This interview originally appeared in La Fronde’s June 4 issue.
I was talking with some friends at a conference yesterday about how all of us, who are Millennials, are thankful that we didn't grow up in the age of social media. The privacy aspect of it is one thing (not to mention, teen-angst, Accutane-faced Stephanie would have been absolutely insufferable on Instagram), but a big part of what my friends and I bonded over as kids was watching the same shows together. Streaming ultimately killed that, making that communal experience all but void for the next generation of teens.
Paula James-Martinez felt that void acutely — as a fashion media veteran and as a mother of a tween she didn't want on TikTok. So last year she made a half-joking Threads post asking who wanted to make a teen magazine with her. The post ended up getting more than 12,000 likes and 3,000 people emailed her within two days. Cuqui, pronounced like cookie and means cute in Spanish, was practically willed into existence.
Paula, who has held roles at Refinery29, Purple, and Dazed, chatted with me for this week’s Maxed Out column about building the magazine — and shared her favorite corners of the internet.
So first off, the magazine and the website look great. Who designed it?
My incredible husband. He gave me his too-long last name, but he's also very useful.
It strikes a great balance of feeling nostalgic but modern. It really captures that ‘90s zine energy well.
That's a lot of the energy we're going for. I'm actually going to summer camp this summer with teen girls for two weeks to teach them zine-making — to truly understand what they want, as opposed to just approximating it. The zine energy is very strong with Cuqui.
You're a mother yourself and you see what your kids are reading and watching. What's out there for teens right now, and what were they telling you was missing?

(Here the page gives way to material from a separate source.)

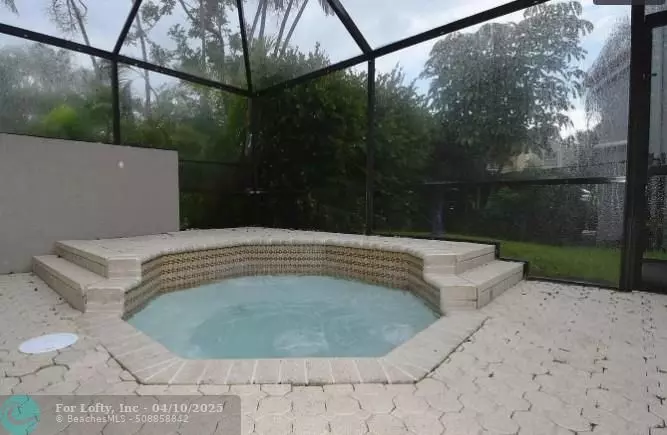 Coral Springs, FL 33071,173 NW 118th Dr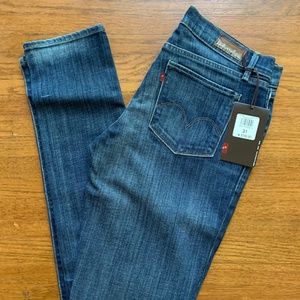 LEVI'S CAPITAL E PREMIUM JEANS- "SKIMMER"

The hardest part is this teen-tween age that we've collectively forgotten as a culture. We have a lot for young children — Disney shows, picture books — but young adults are struggling. Authors are struggling to get book deals, struggling to break through. So kids' culture becomes Roblox and TikTok and Minecraft, and their films become the Minecraft movie. Musically, if you ask a lot of kids which bands they like, they'll name their parents' music, because unless they have TikTok, there's no exposure to anything else. There's no mass culture anymore — it's been fragmented across the internet. They don't have MTV. They don't have the big websites we grew up with. They have influencers and games, but no real places that celebrate culture, art, or music. To me, that cultural void is what this was about.

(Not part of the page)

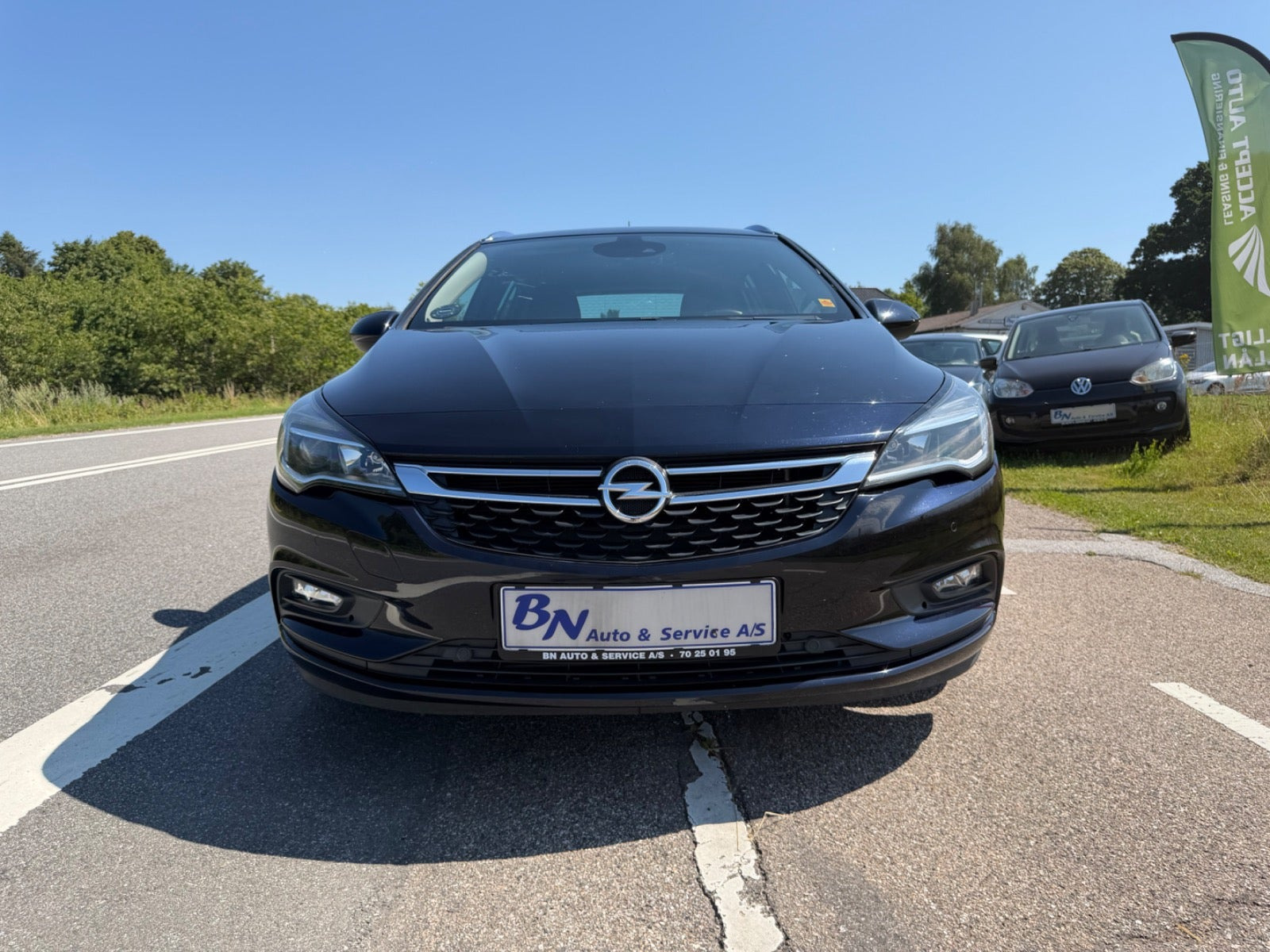 Blå Opel Astra fra 2018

So how did Cuqui actually start?
I actually started it by accident. I was on Threads, just yapping like we do on the internet — I hadn't really used it much before. I posted something like, "I'm the fashion director of Refinery29, I have a tween, I don't want her on TikTok, but there's no culture for her — bring back print for teens." And it went crazy. I put my email in there, and within two days 3,000 people had emailed me asking if we could make this. And I was like, I guess we have to now.

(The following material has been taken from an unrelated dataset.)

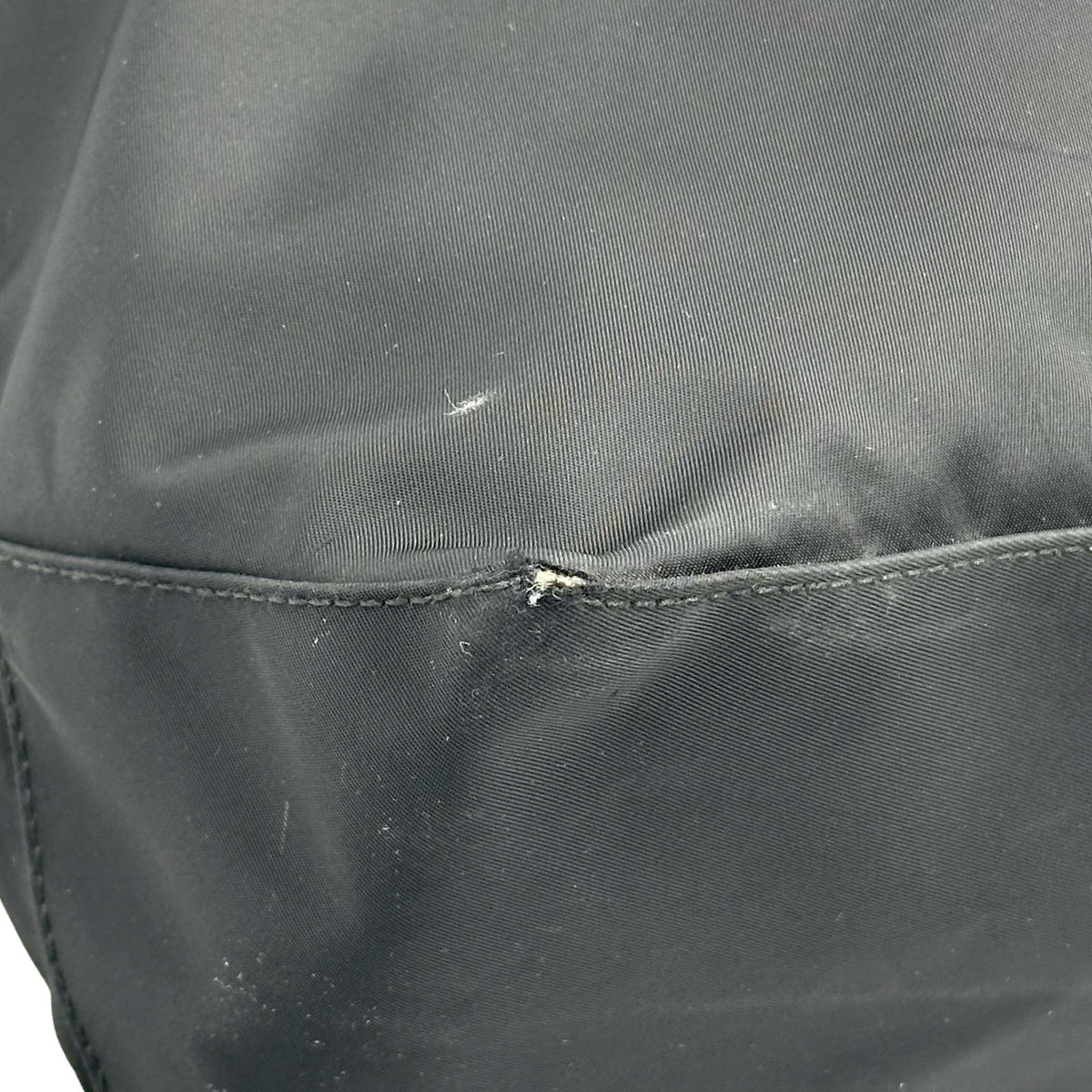 prada shoulder bag functional details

Were you taken aback by that response?
I think it's one of those things where, as someone who works in culture and follows culture, you feel the mood. I knew things were shifting — social isn't social the way it used to be, TV is shifting, media is shifting, everyone's nostalgic. But I don't think I realized quite how desperate parents, teachers, and older teens were for something to fill this void. That outpouring was surprising, because it's not like there are no magazines — there are still amazing style magazines, more niche publications for different facets of culture. But there was something specific about the mass nature of a teen magazine that really resonated with people.
A lot of people have ideas they throw around but never act on. What specifically compelled you to go from "people want this" to "I'm going to build it"?
I've always been that person. But I'm also lucky in that I actually know how to do it. I started at Dazed and Confused magazine when I was 19, and the world was still very much in print. The motto at Dazed at the time was "making it up as we go along.” I was brought up in indie magazine culture. I know what it's like to go to the printers, to stand something up when there's no money, to find talent. When I first started, they let me do the website because no one else wanted to. Within four years, everything had changed. And I feel it again now. I can't say it'll just be print, or just small independent media, but I think this is the moment — either I take this opportunity now or it doesn't happen. So I went for it. I was consulting at the time, and I thought I'd pick it up alongside that — and then it spiraled incredibly quickly into my very full-time, currently unpaid job.
But we're going to put good energy into this because it will be paid!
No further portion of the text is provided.